Going line by line through the records below, write out everything starting with the line containing "YAYIDAY Quilts King" and going on through the line containing "Dark Blue Flower", exactly and inclusively. Pictures do not go in.

■ **SUPPLIED DATA**:
▽

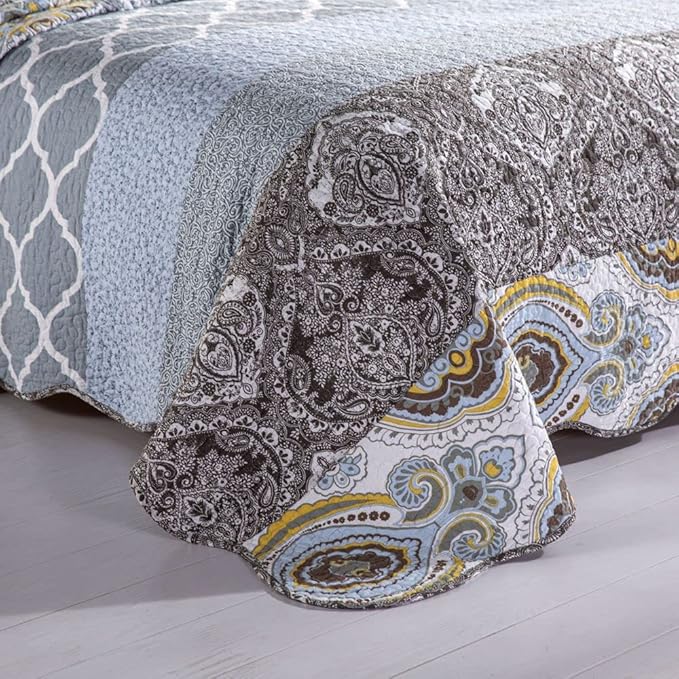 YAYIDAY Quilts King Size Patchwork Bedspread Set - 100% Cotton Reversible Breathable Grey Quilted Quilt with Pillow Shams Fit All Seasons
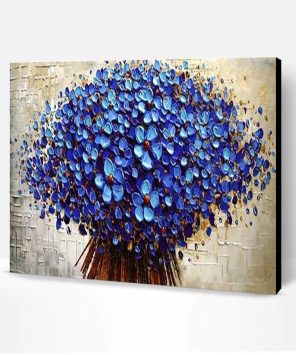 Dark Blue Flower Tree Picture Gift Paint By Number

△
▽

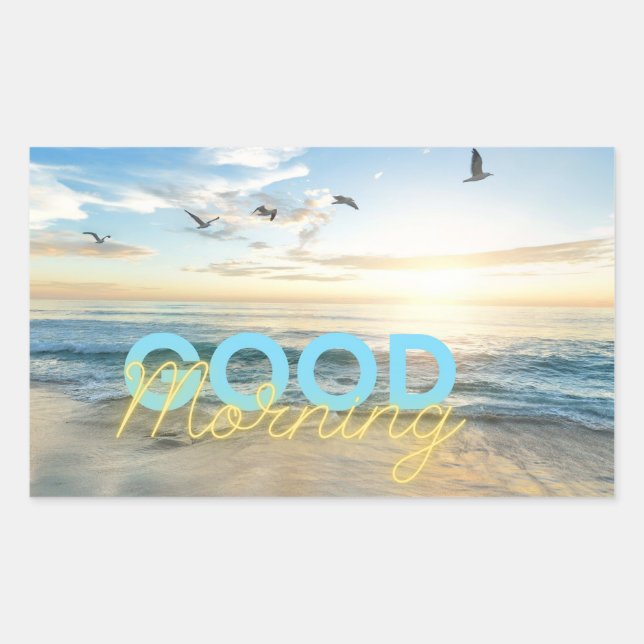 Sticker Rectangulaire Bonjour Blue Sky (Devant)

△

■ **COMPLETED TASK**:
 YAYIDAY Quilts King Size Patchwork Bedspread Set - 100% Cotton Reversible Breathable Grey Quilted Quilt with Pillow Shams Fit All Seasons
 Dark Blue Flower Tree Picture Gift Paint By Number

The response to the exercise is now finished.